I fought back as valiantly as I (unacccustomed as I am) could with OTC decongestant, cough drops, various varieties of tea (I even pulled out some quite old slippery elm tea), and Tylenol PM which is my go-to sleep aid on the rare occasions when I think I need one. So I missed a lot of the storm and I have barely any voice.  But I did not wake up coughting during the night and have had only a couple of coughing spells today. 

This unusual turmoil in the ecology/atmosphere and in my own little body, seems to me a echo of the unprecedented turmoil in our political world. I feel something almost beyond despair at the actions of Trump and the apparently "head under the pillow" attitude of most of Congress, the uprising of hate groups and the home-grown craziness of men who create tragedy and terror with guns.  This is not a "something is rotten in Denmark" moment -- it's beyond anything Shakespeare with all his brilliance, could have conceived.  The world is not right. When one world "leader" becomes a taunting 8-year old callong another "rocket boy!" taunting him to use his nuclear capable rockets -- we are not merely on a dark heath or a storm at sea. I've temporarily lost my voice -- it is not a voice that carries far anyway -- is this the "whimper" that is all one can do?

Saturday, October 28, 2017

Time to Return to Posting

Because the ingenuity of an artist and the magic of mirrors, here I am talking to a woman (who is painted on the mirror). I am standing to the side (you can see a corner of my purse on the right) and, also in the mirror is daughter Rachel taking this picture. Rachel wanted to go visit #1 son over Columbus holiday. All research told us the best say to go was to drive. Yes, we knew it was a long drive, 11 hours each way and we would have only one whole day and two evenings.
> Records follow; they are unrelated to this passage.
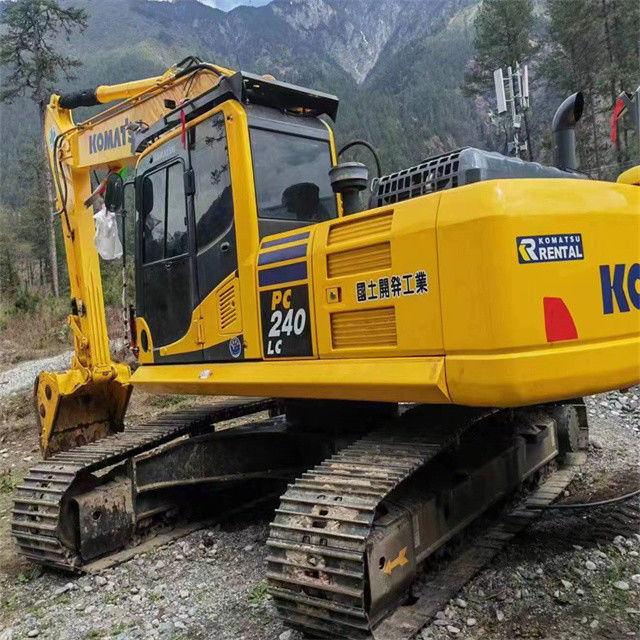 26 ตันเกือบใหม่จากญี่ปุ่น นําเข้า เครื่องขุดขยะ crawler เครื่องใช้ซ่อมแซม Komatsu pc 240LC-8
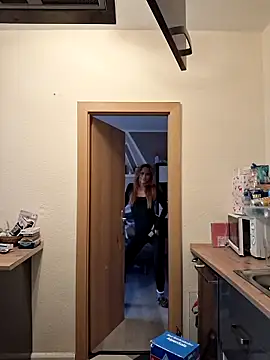 SlimBellaa's cam snapshot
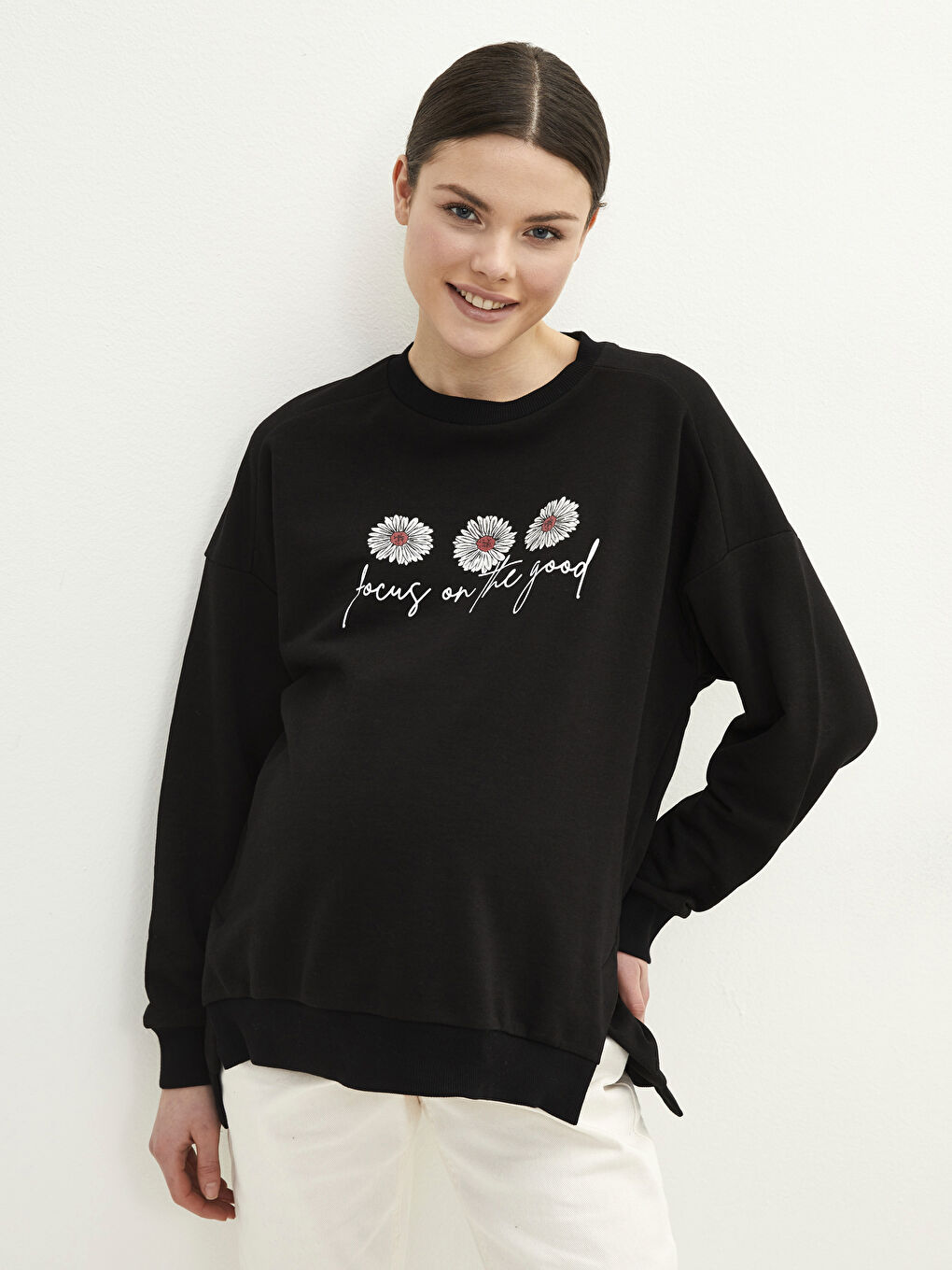 LCWAIKIKI Maternity Yeni Siyah Bisiklet Yaka Baskılı Uzun Kollu Hamile Sweatshirt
It was worth it although we weren't entirely sure about that driving home. (More on that in little while.)  Monday was sunny and hot and humid in Washington (Joel lives in Arlington but it's a short distance. We spent Monday mostly in and out of museums --this photo was in the modern art one.  Happily they were air conditioned.  We saw art from the the 15th century to modern -- in some cases 'yesterday" because our first stop was in at a converted torpedo factory which now houses at least 50 artists' studio. We all loved the variety and creativity and commentary. In D.C. we went to the big museums and revisited favorites like El Greco, Hopper, Whistler -- you name it, they've got it!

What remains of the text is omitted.